Title: Short puzzle, just for fun.
Post by: Eternal Student on 17/01/2024 18:57:59
Hi.

   Who doesn't love a short puzzle?    [Approximate time:  4 minutes,  Calculators and Google allowed].

    Suppose you have a rope that was long enough, while on the ground, to go around the circumference of the earth but there was only a few metres to spare.
   Now lift the rope 1 metre above the ground everywhere.  How much extra rope would you need to go around the earth?

[You can ignore hills and velleys and assume the earth is a sphere.   You can look up whatever else you may want.]

(https://encrypted-tbn0.gstatic.com/images?q=tbn:ANd9GcSQTU3H504hnq3N66wNAGkPmhAIEmi9tchEXA&usqp=CAU)

Best Wishes.
Title: Re: Short puzzle, just for fun.
Post by: Halc on 17/01/2024 19:04:05
Now lift the rope 1 metre above the ground everywhere.  How much extra rope would you need to go around the earth
Spoiler: show
Not a function of what it goes around, so same answer as going around a point: 2π meters.


Not entirely intuitive, but quickly worked out. It's also an old problem I've seem many times before.
Title: Re: Short puzzle, just for fun.
Post by: paul cotter on 17/01/2024 19:53:27
Yep, seen that before. I did not believe it until I worked it out myself. 2pi(r+1)-2pir=2pi
Title: Re: Short puzzle, just for fun.
Post by: Eternal Student on 17/01/2024 20:11:23
Hi.
    That was a fast reply @Halc   and  @paul cotter .

   It is an old puzzle.   Making up new puzzles is difficult.   A good puzzle has something in it that seems relevant like planet earth or a fluffy cat and still doesn't take an entire page to describe.
   The only thing this puzzle lacks is political correctness.   You don't have to assume the earth is a sphere.  If it's a plane with air on one or both both sides, you need less rope.

Best Wishes.
Title: Re: Short puzzle, just for fun.
Post by: paul cotter on 18/01/2024 09:08:27
A fast reply=boredom. Despite my advanced age I have no bodily complaints except one-sensitivity to cold. It is way too cold in my workshop/lab/mancave to do anything at all. Similarly in the garden. I really should be hibernating. PS: a belated happy new year to Eternal Student, Halc and the rest of the gang.
Title: Re: Short puzzle, just for fun.
Post by: Eternal Student on 28/01/2024 20:26:38
Hi.

    Here's another short puzzle because there isn't always a lot for you (the reader) to do in a forum post.   This one has also been tried and tested.   It's short to describe and shouldn't take all day.

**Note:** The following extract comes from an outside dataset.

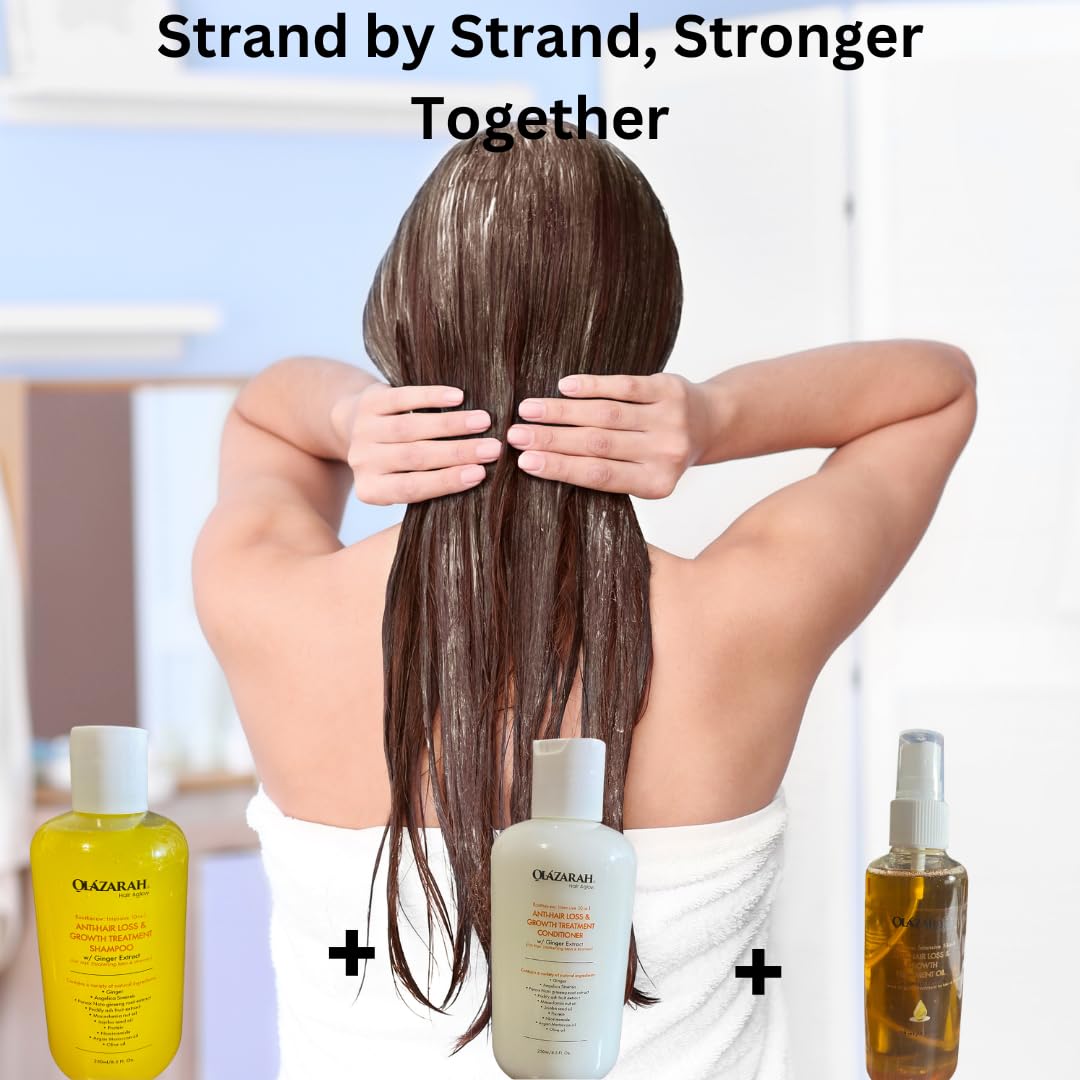 RootRenew Intensive Hair Care Set: 10-in-1 Anti-Hair Loss & Growth Treatment - Shampoo, Conditioner, and Oil Infused with Ginger Extract (8 Fl. oz, 8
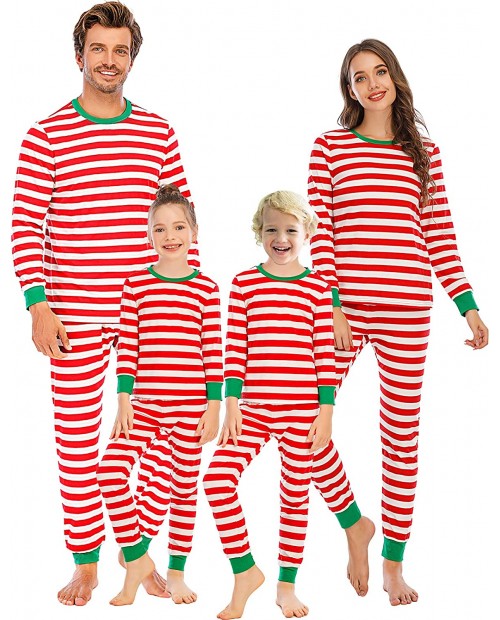 Veseacky Family Matching Striped 2 Piece Christmas Pajamas Womens Mens Boys Girls Cotton Pjs Set at Women’s Clothing store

Consider two circles, A and B.   Circle B has four times the radius of circle A.

(https://mindyourdecisions.com/blog/wp-content/uploads/2015/07/circle-rotation.png)

Now allow circle A to roll around the perimeter of circle B and return to where it started.    How many times will circle A have rotated?

(Note:   This is a proper roll,  the two circles are always in contact and there is no slip between them.   Put gear teeeth on the two circles if you want).

Bonus Question:   If you've seen this problem elsewhere, that's OK.   Consider what happens if the big circle B is replaced with a Mobius strip.   It's a thin loop with the same radius as B but it has one twist in it as usual (see diagram below).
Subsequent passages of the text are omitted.